= Stuart Turnbull (basketball) =

Canadian basketball player

Stuart Thomas "Stu" Turnbull (born December 28, 1984, in Kingston, Ontario) is a former Canadian professional basketball player.

== Career ==
A product of Frontenac Secondary School, Turnbull played for the Carleton Ravens men's basketball program from 2004 to 2009, winning CIS National Championship titles in 2005, 2006, 2007 and 2009. In the 2008-09 campaign, Turnbull was presented with the Jack Donohue Trophy as Championship Tournament MVP. He also was named to the All-Canada First Team and received OUA East Player of the Year and OUA Wilson Cup MVP honours that year. He made headlines after hitting the game-winning buzzer-beater in the 2009 CIS semi-final.

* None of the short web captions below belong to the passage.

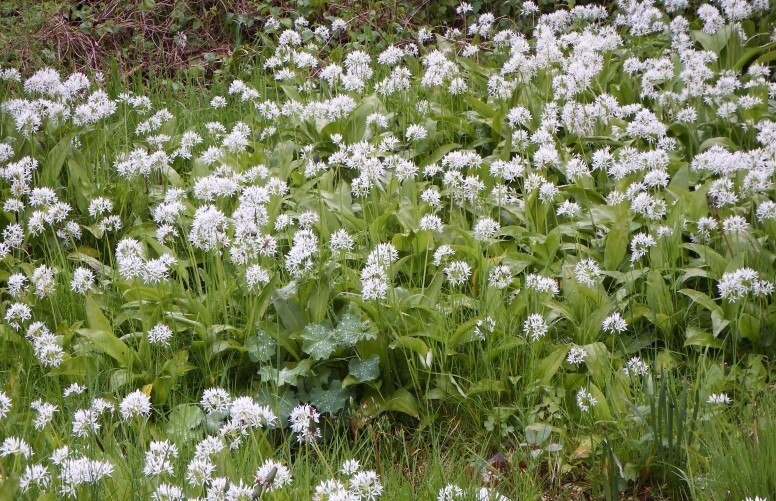 Gef&uuml;hrte Kr&auml;uterwanderung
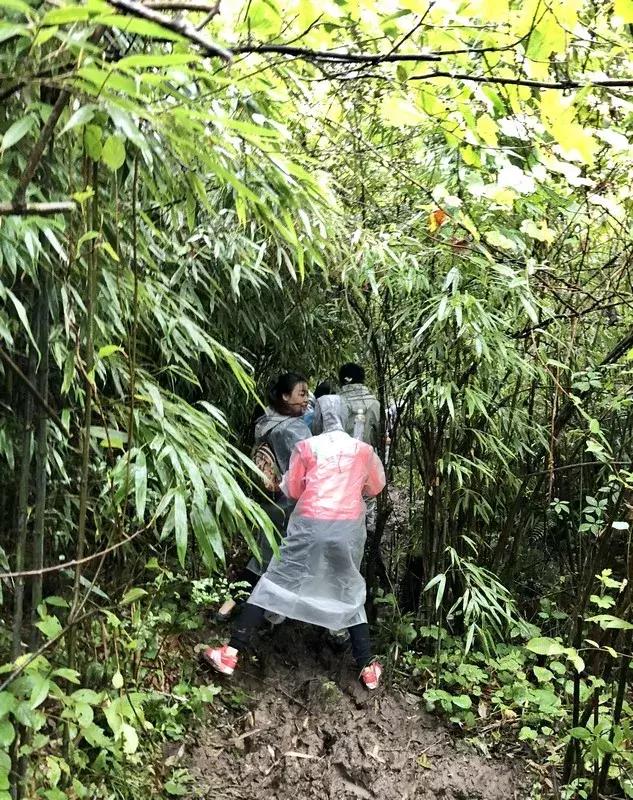 新鲜龙须笋的家常做法,龙须笋的正确食用方法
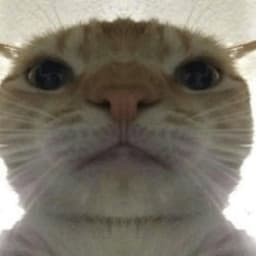 AleexaD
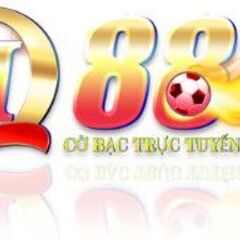 QH88 US's profile picture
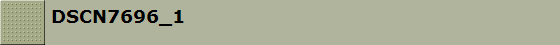 DSCN7696_1
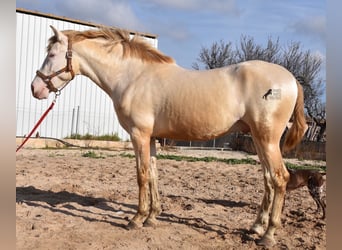 Andalusian, Stallion, 3 years, 15.3 hh, Perlino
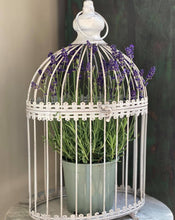 Load image into Gallery viewer, Cream Oval Bird Cage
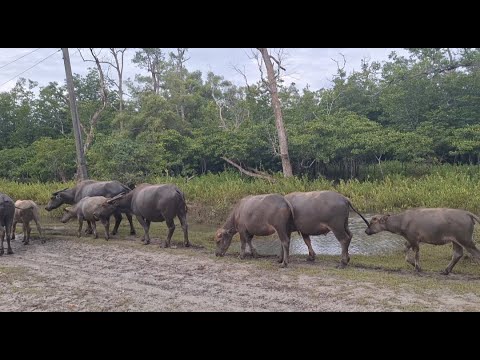 MELIHAT KERBAU MANDI DI SUNGAI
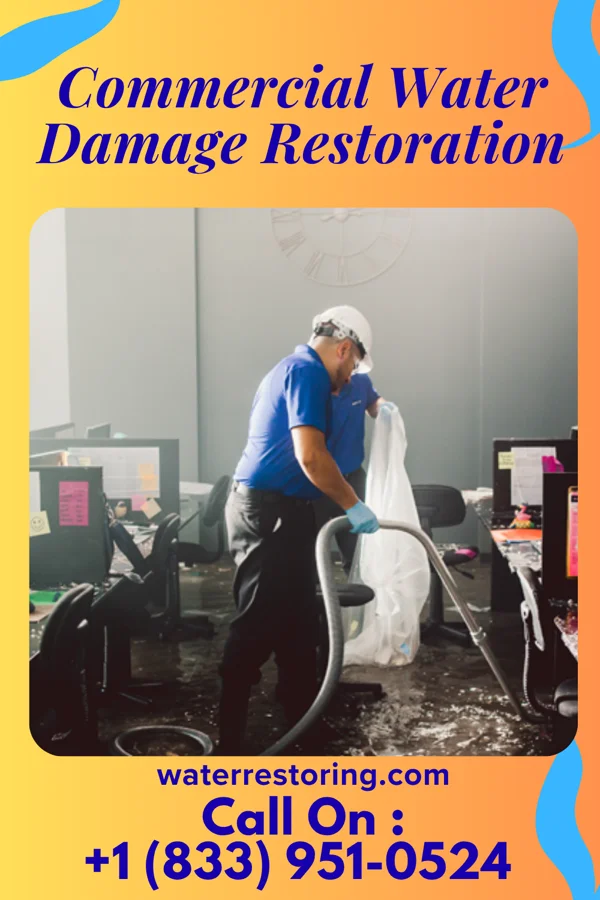 Commercial Water Damage Restoration in Pearisburg, VA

Following graduation in 2009, Turnbull played three years of professional basketball in Germany. After a brief stint with the Giants Nördlingen of the German ProA league at the beginning of the 2009-10 season, he signed with SC Rist Wedel of the German ProB and quickly became a team leader. For the 2010-11 season, he returned to the German ProA league, joining the UBC Hannover Tigers. At Hannover, he averaged 15.4 points, 4.0 rebounds and 2.8 assists per contest. Turnbull spent his last season as a professional basketball player with the Dragons Rhöndorf in the German ProB league. In each season in Germany, Turnbull was named to the Eurobasket.com All-Defensive Team of the respective league. He returned to his native Canada, where he ran summer basketball camps for youth players and started working in digital marketing.